Mark Everingham, Luc Van Gool, Chris Williams, John Winn, Andrew Zisserman, The Pascal Visual Object Classes Challenge 2007 (VOC2007) Results, http://www.pascal-network.org/challenges/VOC/voc2007/workshop/index.html (ref:25Jan, 2019)
MLIT, Census of rivers, 2009.
MLIT, Census of rivers, 2015.
http://www.nilim.go.jp/lab/fbg/ksnkankyo/mizukokuweb/kuukan/index.htm
(ref:14Jan, 2020)

HS16-A030
Economic Aspects of Flood Forecasting for Riverside Infrastructure with LSTM

Seungyeon LEE+, Hyung-Ju YOO, Seungoh LEE#
Hongik University, Korea, South


Recently, torrential rains have been occurred more frequently due to abnormal climate variations, causing severe economic damages and casualty including infrastructures along the river. Most of cases it should be necessary to forecast water levels precisely in riversides, which would help to prevent such catastrophe.
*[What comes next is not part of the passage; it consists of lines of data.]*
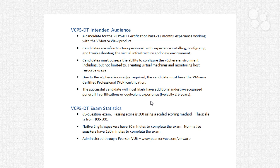Down here at the bottom, we have some exam stats associated with the VCP 5 DT exam itself. It is an 85-question exam. The passing score is 300 using a scaled scoring method from 100 to 500. What that effectively means is that different people are going to get different views of the exam content. Because there are 85 questions, there is a much larger pool of questions to pull from, and some questions are considered more difficult than others. That scaled scoring method ensures that if you get a whole bunch of hard questions and somebody else gets less hard questions, you're actually going to be equally tested. You've got 90 minutes to complete the exam; if English is not your primary language, you'll have 120 minutes. You can get that exam through PearsonVUE.com slash VMware — that's where you'll sign up whenever it comes time to take the exam.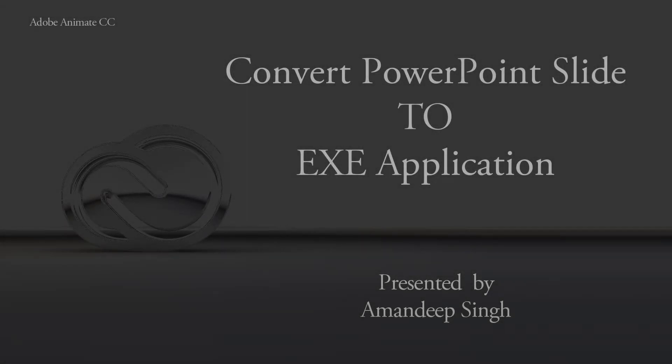Today we're going to talk about how you can convert your PowerPoint slide which has different hyperlinks to different network drives or folders into an exe application created by Adobe Animate CC.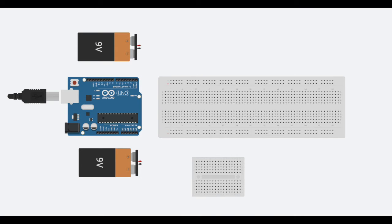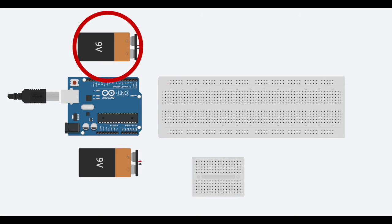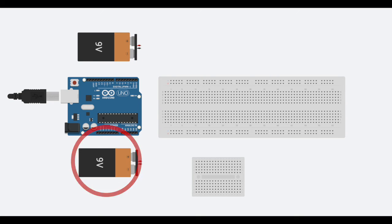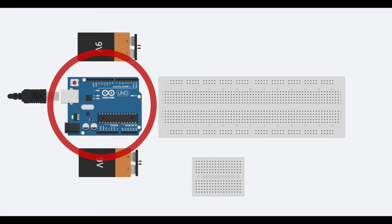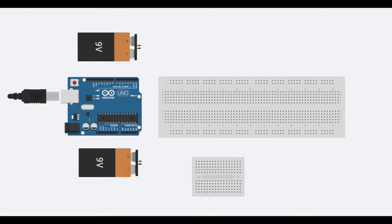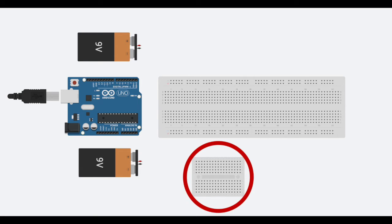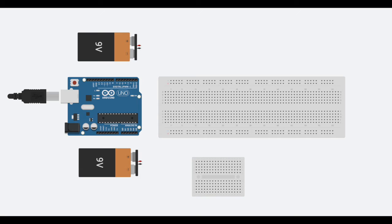We can now familiarize ourselves with the different components that are used to assemble our potentiostat. First, we need our external power supplies, which are used by these two 9-volt batteries here. For our experiment, we will only be needing 5 volts. Next, we have the Arduino Uno microcontroller, which will take any applied values from our computer and to our breadboard. Finally, we have an additional breadboard, which will serve as our common ground.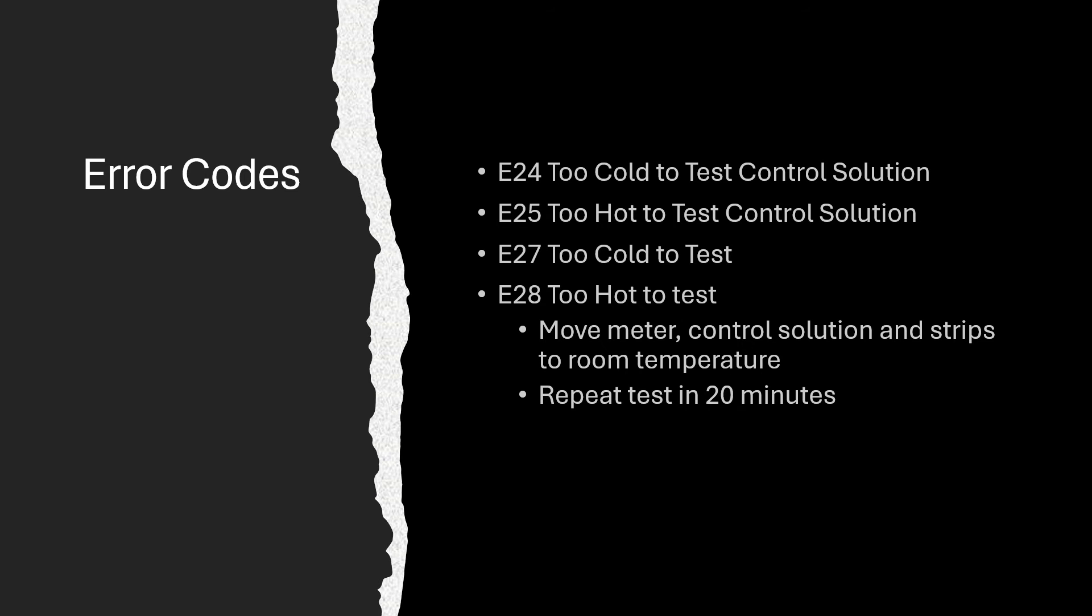E28, too hot to test. For all of these codes, you'd want to move the meter, control solution if you're doing a control solution test, and test strips to the appropriate temperature, wait 20 minutes and repeat the test.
In this study, therefore, a water level prediction algorithm was developed using the LSTM (Long Short-term Memory) specialized for time series data during machine learning to prevent flood damage to the facilities. And, the cost-effectiveness was analyzed when managing systematically such disasters based on the precise flood forecasting conducted with this algorithm. The study area was selected as the Jamsu bridge in Seoul, Korea for overall period of 10 years (2011-2020). The input data set was constructed with complementary data composed of structured data, which were mainly used for prior research on the water level of Jamsu Bridge(EL.m), the amount of discharge from Paldang Dam(m3/s) , the tide level of Ganghwa Bridge(cm) and unstructured data that the number of tweets in Seoul. Forward 6 hours prediction for water levels was derived through this algorithm and economical analysis was performed for each flood forecasting stage. The benefits and damage by this disaster management were calculated with the establishment of the flood forecast system that subdivided into four stages (interest, pedestrian control, vehicle control, and vigilance). As a result, disaster costs were reduced by more than 5% and the investment effect of preventing natural disasters was increased by about four times compared to the previous ones. Major purpose of this economic analysis was to estimate the monetary value of the water level prediction and to refine the investment efficiency. It is expected to develop more general economic models, such as presenting feasibility of implementation, to achieve maximum disaster management effectiveness in the near future.